◆ YOUR ASSIGNMENT:
What you return must match the listing below exactly, minus any pictures.

◆ DATA EXCERPT:
# # # #

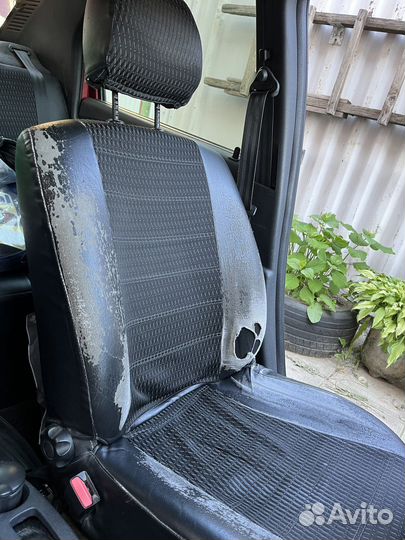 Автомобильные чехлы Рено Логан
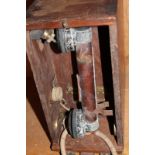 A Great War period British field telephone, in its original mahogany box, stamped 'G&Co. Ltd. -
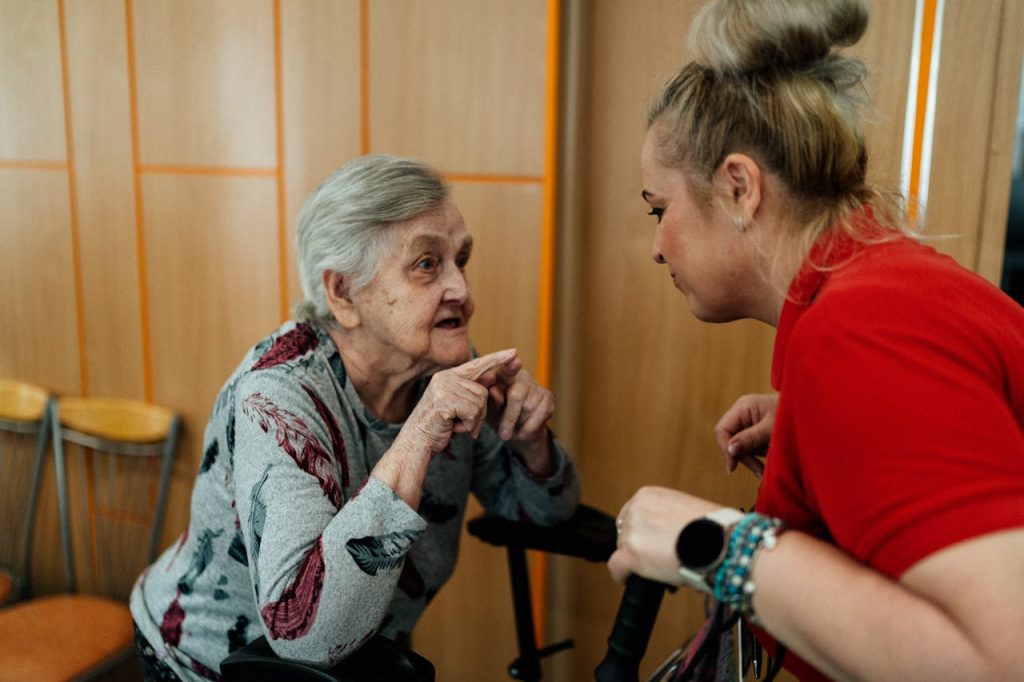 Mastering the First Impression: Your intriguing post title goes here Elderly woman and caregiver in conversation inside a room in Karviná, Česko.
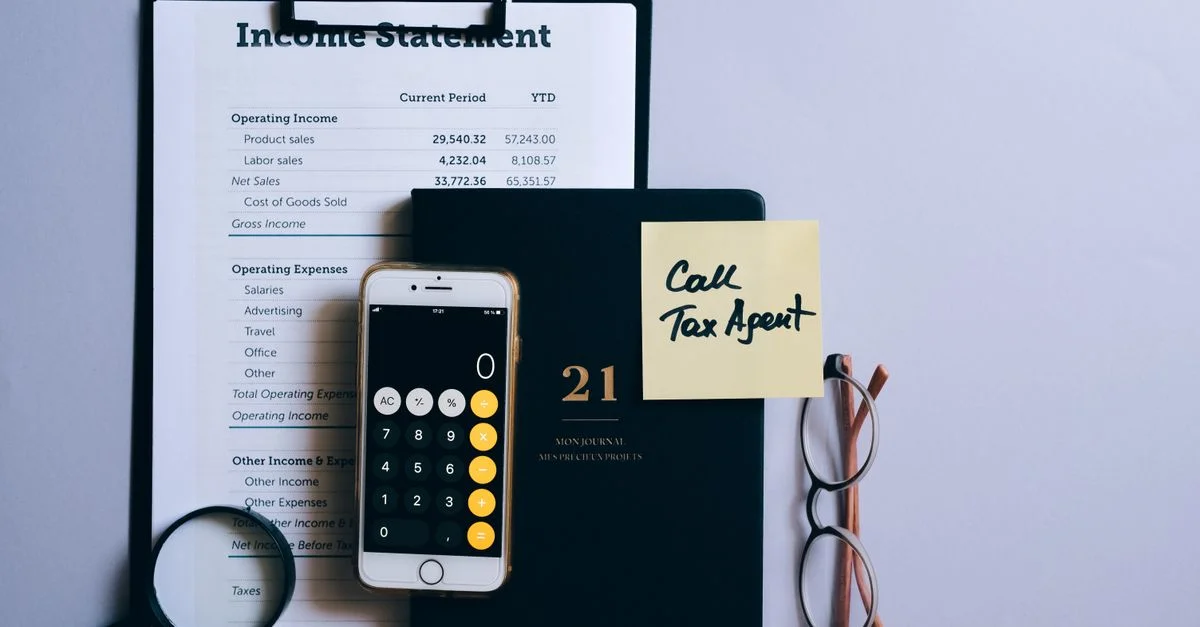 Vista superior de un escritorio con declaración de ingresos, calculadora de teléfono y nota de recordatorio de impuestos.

# # # #

◆ EXERCISE SOLUTION:
 Автомобильные чехлы Рено Логан
 A Great War period British field telephone, in its original mahogany box, stamped 'G&Co. Ltd. -
 Mastering the First Impression: Your intriguing post title goes here Elderly woman and caregiver in conversation inside a room in Karviná, Česko.
 Vista superior de un escritorio con declaración de ingresos, calculadora de teléfono y nota de recordatorio de impuestos.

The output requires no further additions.